> **Task instructions**:
Could you output, word for word, only the lines from the line with "Jazz em Agosto, Jazz" to the end of the entries, including both ends? Omit the pictures.

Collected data
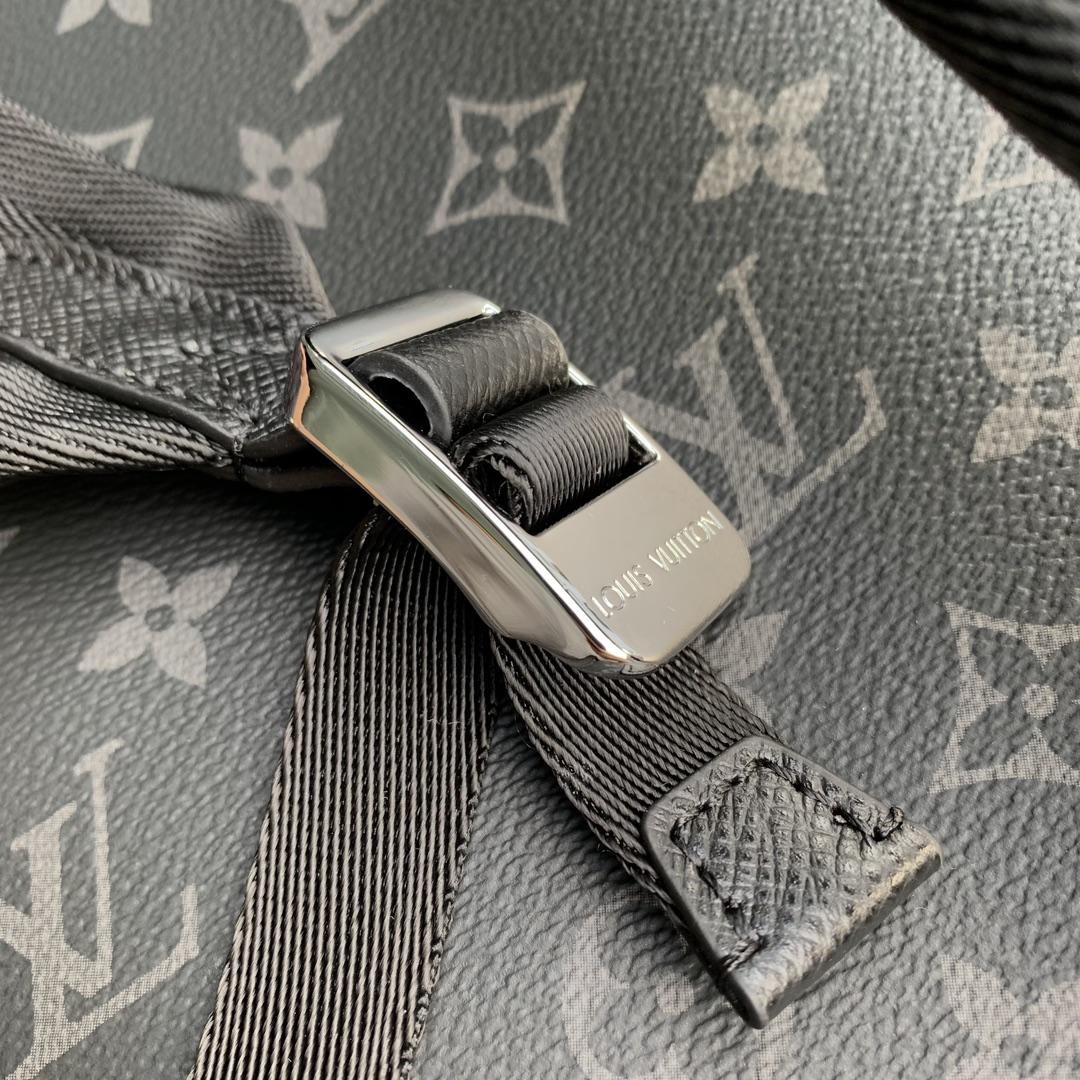 Louis Vuitton Discovery Backpack   M31033 - DopestKickz
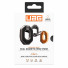 UAG Urban Armor Gear Monarch Mag2 Dual Magnetic Halterung/Haltering mit Standfunktion | gunmetal | 964446113G30
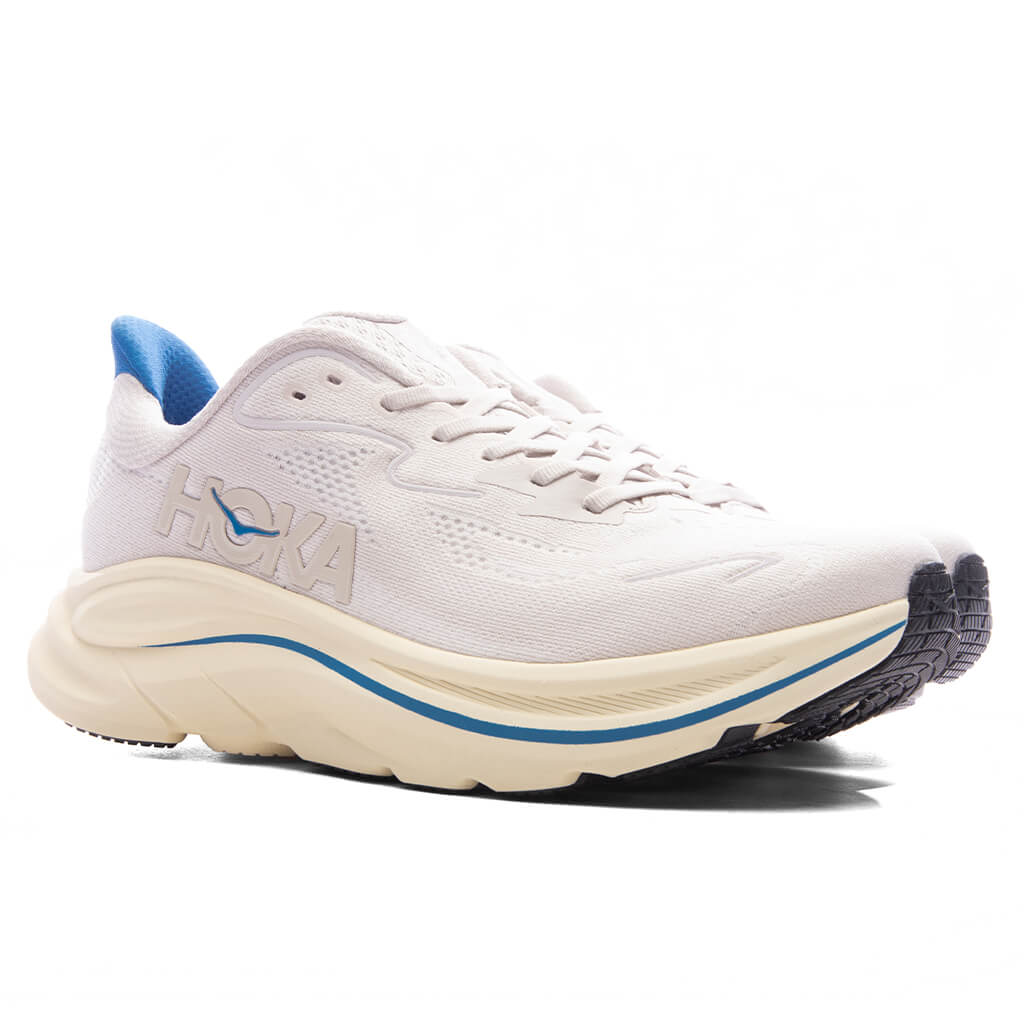 Clifton 10 - Stucco/Virtual Blue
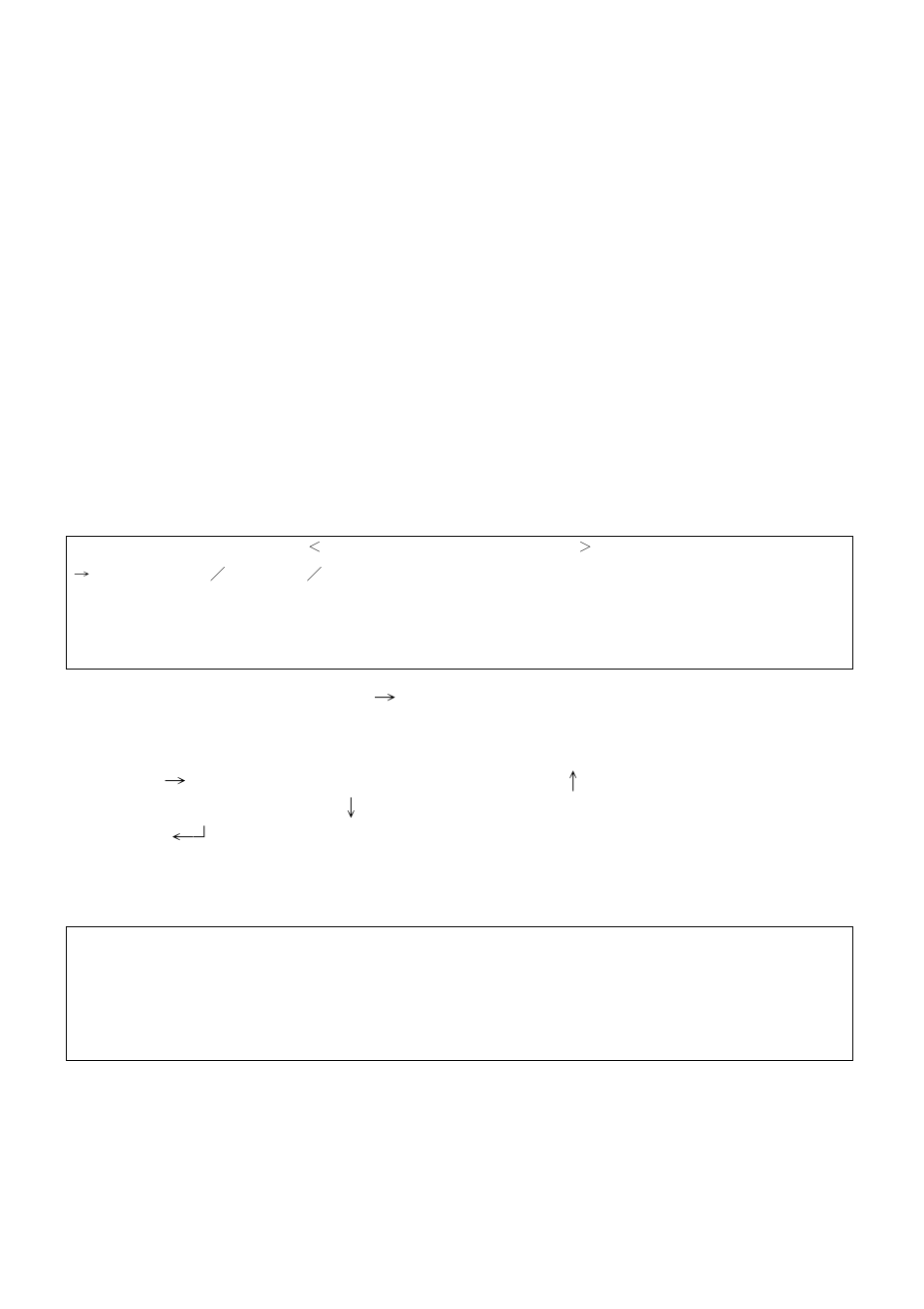 Menu 1 – select menu | OPTI-UPS DS160KD33 User Manual | Page 56 / 83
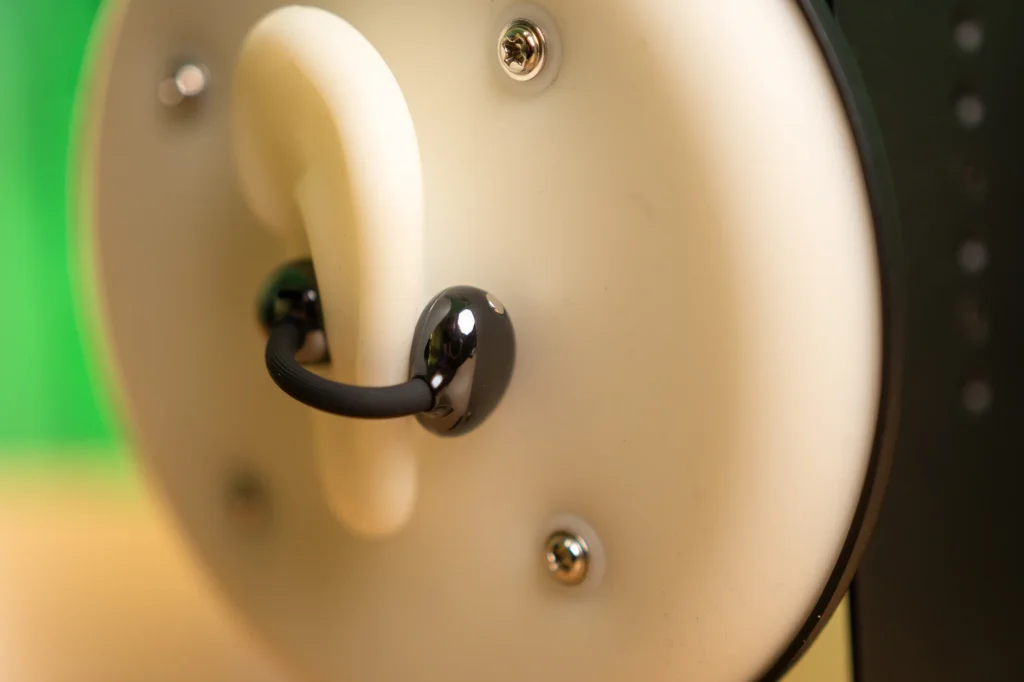 Huawei Freeclip 2 - połączenie mody z technologią 12 Huawei Freeclip 2 - połączenie mody z technologią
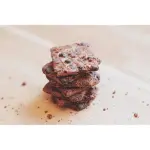 Sheila G's Brownie Brittle, Chocolate Chip, Thin & Crunchy Cookies 2pcs - 5oz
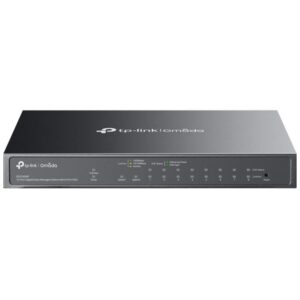 Omada 20Port Gigabit 16-Port PoE+ Switch TP-LINK ES210GMP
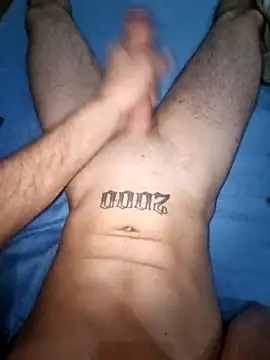 Webkamerová show baaadboy10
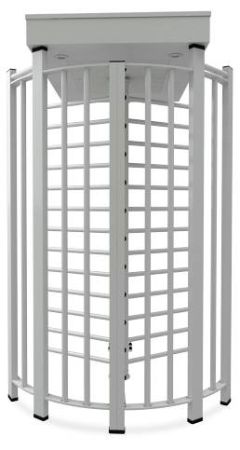 Турникет полноростовой Oxgard Praktika T-10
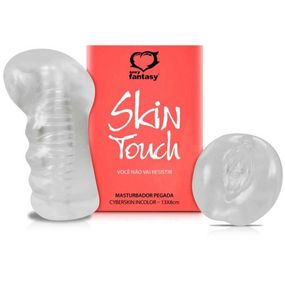 *Masturbador Vagina em Cyber Skin Touch SF (32022-16682) - ... - Pura audácia - Sex Shop online discreta em BH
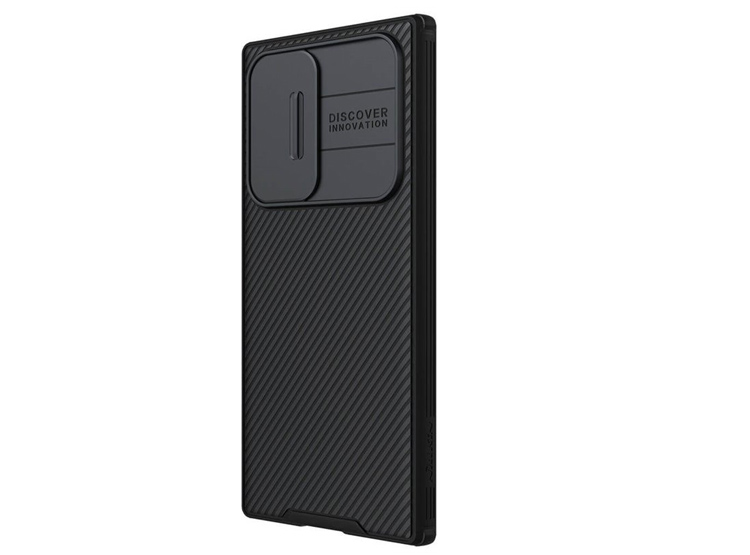 CASE NILLKIN CAMSHIELD SAMSUNG S24 ULTRA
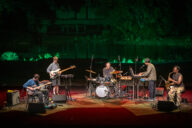 Jazz em Agosto, Jazz em Agosto 2026, Deus Me Livro, Reportagem, Concerto, Gulbenkian, Gulbenkiam Música, Fundação Calouste Gulbenkian,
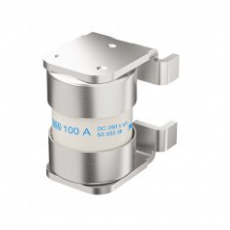 SIBA 半導(dǎo)體保護(hù)熔斷器5005038.100系列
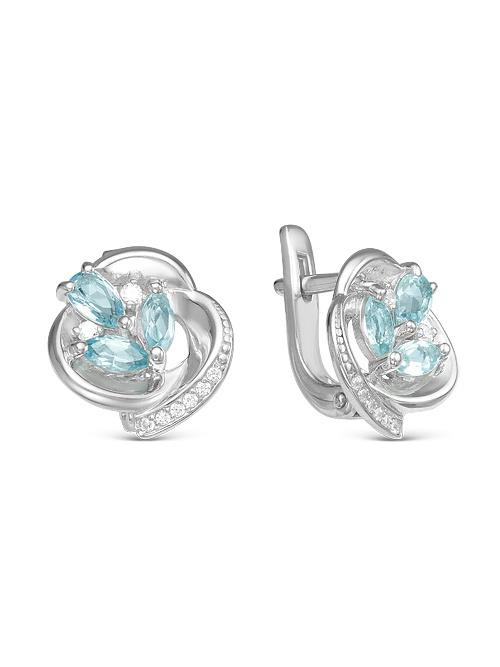 Изделие из серебра Серебро России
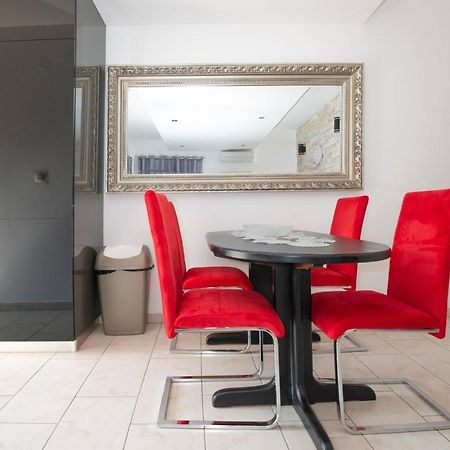 Sea Star Apartment ติวัต ภายนอก รูปภาพ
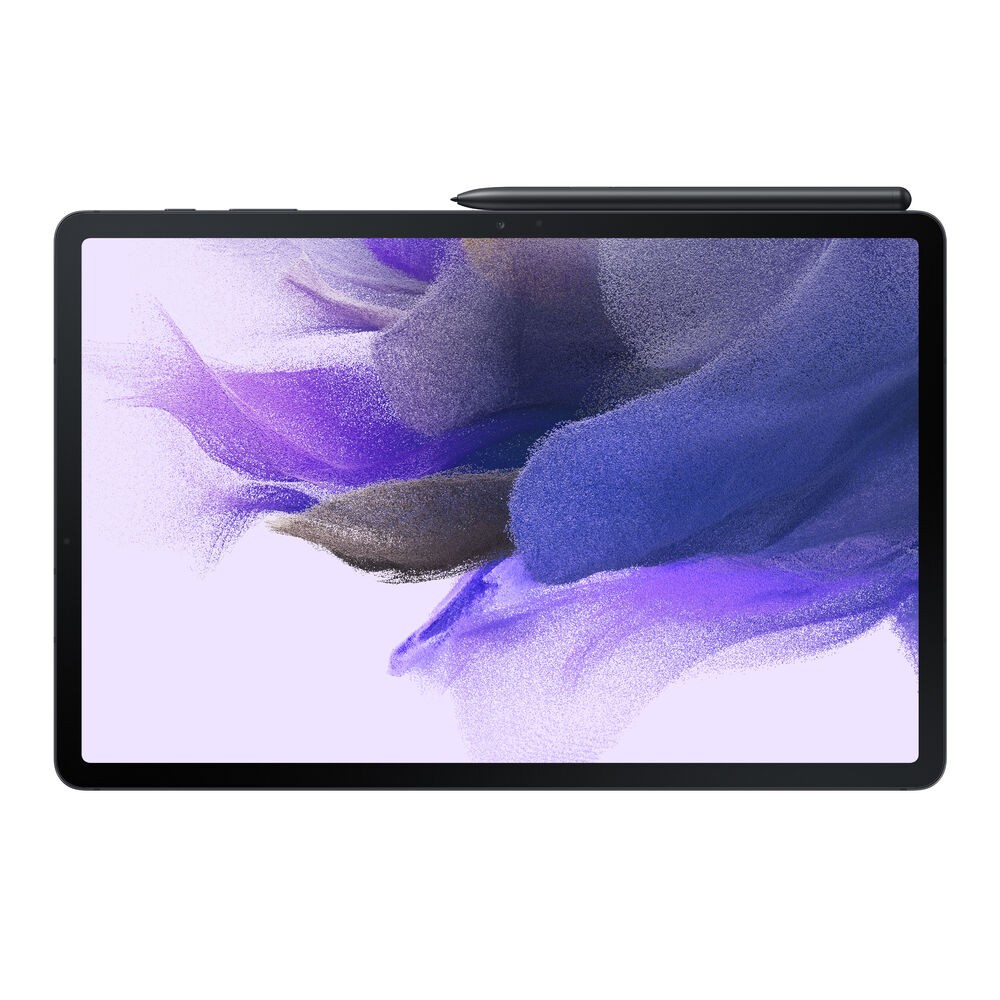 Tablet Samsung SM-T736BZKAEUB 12,4" Octa Core 64 GB 4 GB RAM Negro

> **Written response**:
 Jazz em Agosto, Jazz em Agosto 2026, Deus Me Livro, Reportagem, Concerto, Gulbenkian, Gulbenkiam Música, Fundação Calouste Gulbenkian,
 SIBA 半導(dǎo)體保護(hù)熔斷器5005038.100系列
 Изделие из серебра Серебро России
 Sea Star Apartment ติวัต ภายนอก รูปภาพ
 Tablet Samsung SM-T736BZKAEUB 12,4" Octa Core 64 GB 4 GB RAM Negro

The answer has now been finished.